Boston Magazine’s Jolyon Helterman visits Eataly’s wood-fired restaurant Terra for his latest review. He fell “head over heels” for the restaurant, he writes, finding even an undercooked lamb chop “sublime” in flavor, as the overnight cure for the meat leaves it “magnificent in its extremes.” The dishes that come out of the “snarling, oak-fueled inferno” are “vivid, gutsy, bursting with confidence” across the board, including the lamb meatballs with rosemary and the bruschette with anchovies. “The recipes have a genuine, elegant minimalism,” Helterman writes, noting the rabbit agnolotti with tender meat, cultured butter, and “crunchy nubs of barely blanched Romanos.”

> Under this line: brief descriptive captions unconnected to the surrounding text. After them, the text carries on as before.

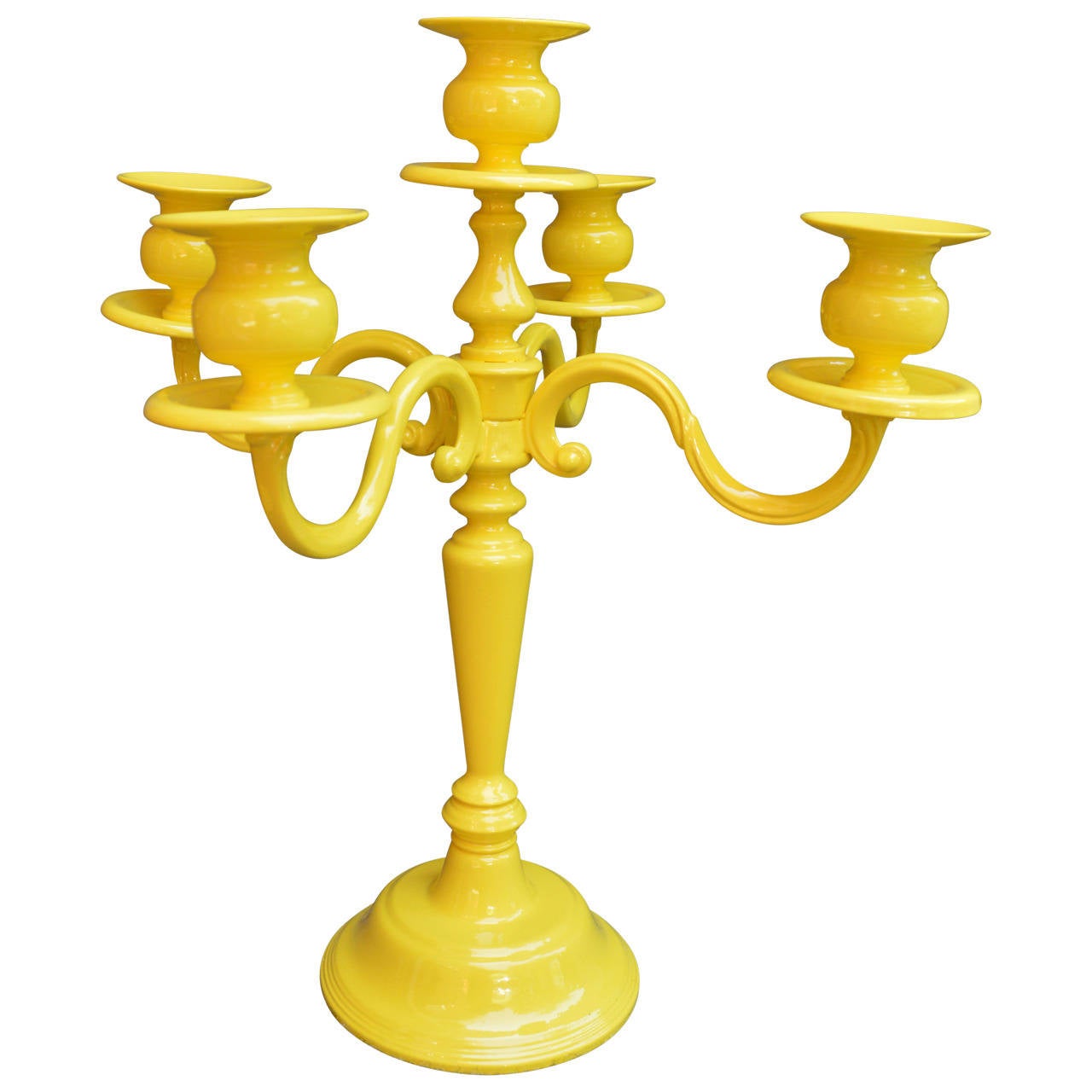 Pair of Yellow Candelabras at 1stdibs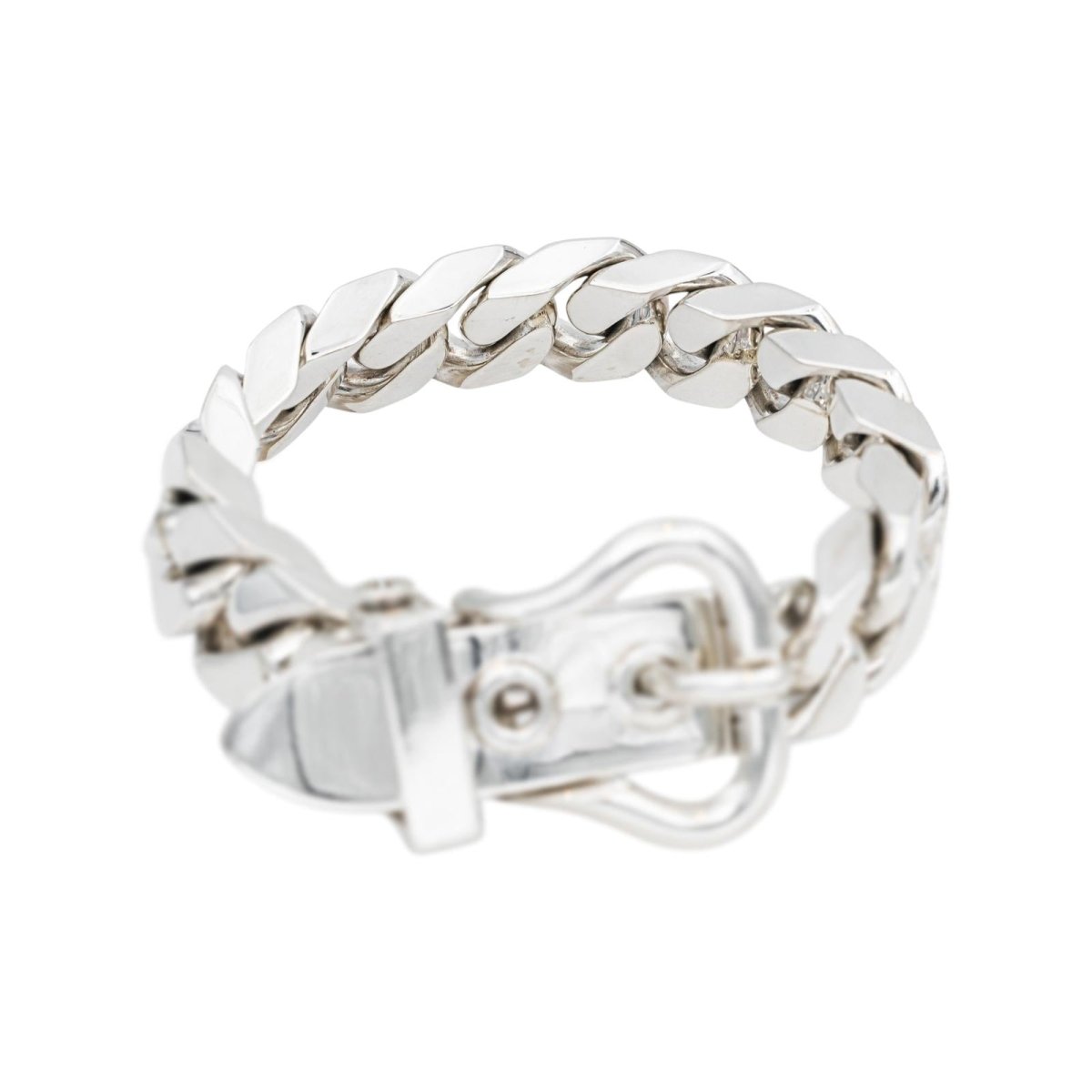 Bracelet Maille HERMÈS "Sellier" en argent - Castafiore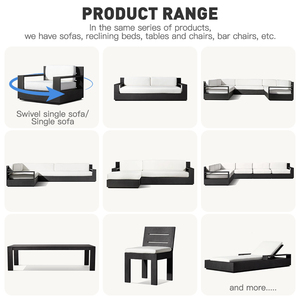 Set Divano da <span class=keywords><strong>Esterno</strong></span> in Alluminio per Parco e Fattoria - Design Moderno, Antiruggine e Impermeabile - <span class=keywords><strong>Arredamento</strong></span> da <span class=keywords><strong>Esterno</strong></span> - Product Image 2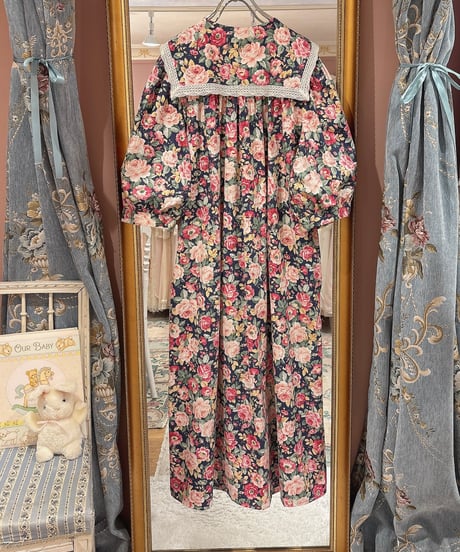 80s vintage sailor collar flower pattern dress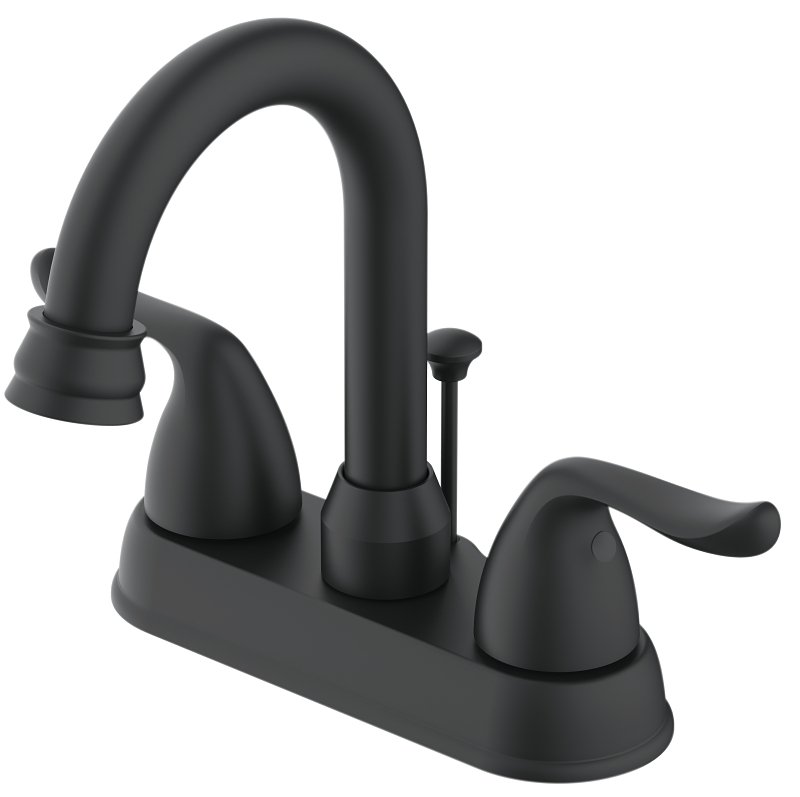FAUCET LAV 4IN 2HNDL LEVER BLK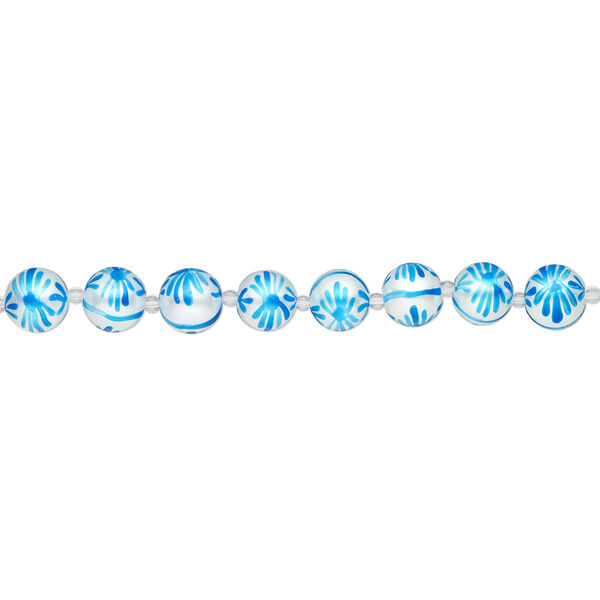 Bead, glass 1pkg8, opaque white and turquoise blue, 16mm hand-painted round. image number 1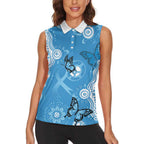 World Diabetes Day Australia Women Sleeveless Polo Shirt Blue Ribbon Butterfly Aboriginal Art - Aussie Hoodie
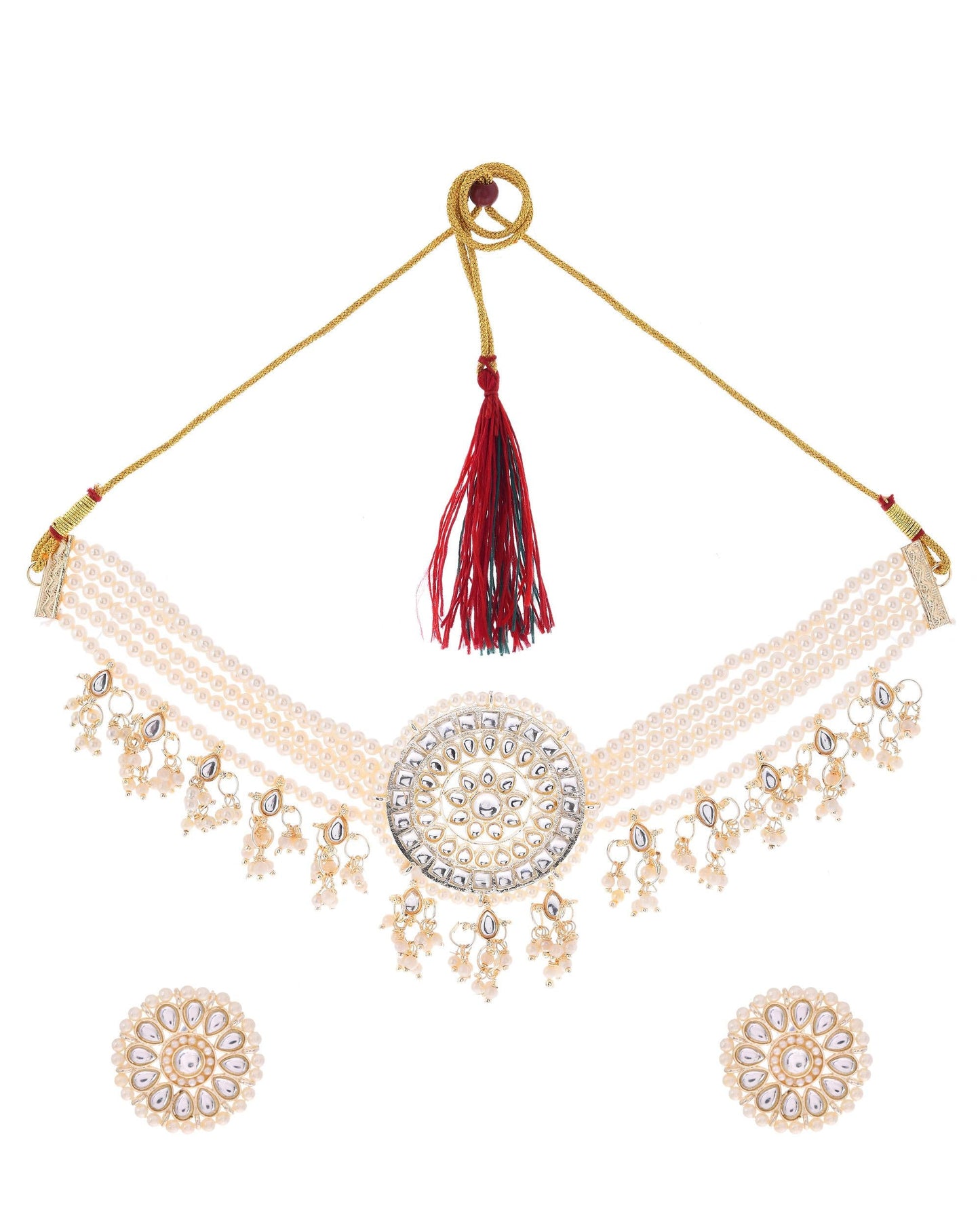 VOJ Gold-Polished Kundan Studded Choker Jewellery Set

The Boston Globe’s Devra First pays a visit to Doretta Taverna, now with chef Brendan Pelley at the helm. (The newspaper first published a mixed review of Doretta in January 2016 by Ted Weesner.) “It’s as if the place had a heart transplant,” First writes, noting the passion Pelley brings to cooking Greek food. She praises the flavor and texture of the dishes, including the zucchini chips with a squeeze of lemon and tzatziki. The pan-roasted shrimp with kataifi is “clever; delicious,” she writes, and there are plenty of dips and spreads to enjoy. “The mezze are Doretta’s strong suit,” despite some hiccups, and the lamb “is always good,” regardless of how it’s served, according to First. For dessert, she recommends the “Greek-inspired” ice creams that range in flavor from fig jam to strawberry with rosewater gelee. Overall, First writes, Doretta is taking hold of Greek cooking and “moving the cuisine forward.”
French Canadian Fare
The Improper Bostonian’s MC Slim JB visits Cafe Du Pays this week, finding dishes that link New England with its Canadian neighbor to the north. The restaurant’s summer pea soup is “an elegant take on the poverty cuisine standby,” made with “luscious strips of smoked pork.” For those wondering, there are squeaky curds in the restaurant’s poutine, along with a “wicked gravy,” Slim writes, and the tourtière is a solid individual version of the traditional meat pie. For a main course, the half duck “combines a generous fan of ruby-toned breast slices nestling a thin layer of hot white fat under nicely-crisped skin, plus a deeply-smoked, blackened leg and a late-summer tomato salad, providing tangy contrast.” Overall, Slim calls the restaurant a “beguiling” new spot.
“Smooth and Smoky”
The Globe’s Sheryl Julian visits the recently relocated Baraka Cafe, which has counter service for lunch and table service for dinner. The North African dishes include a “smooth and smoky” baba ghanoush and a “delicious smoky spread” of roasted eggplant and peppers. The Za’atar coca (sliced and grilled flatbread) comes covered in sweet caramelized onions and herbs, and the kafta kebab roll-up “is deliciously juicy with ground beef, lettuce, and crunchy vegetables in a hot, grilled tortilla,” Julian writes. The melfouf is “one of the best things on the dinner menu,” she notes, with merguez sausage, lamb and chicken, vegetables, and pommes frites. “There’s a lot going on and every flavor and texture is just right,” she writes.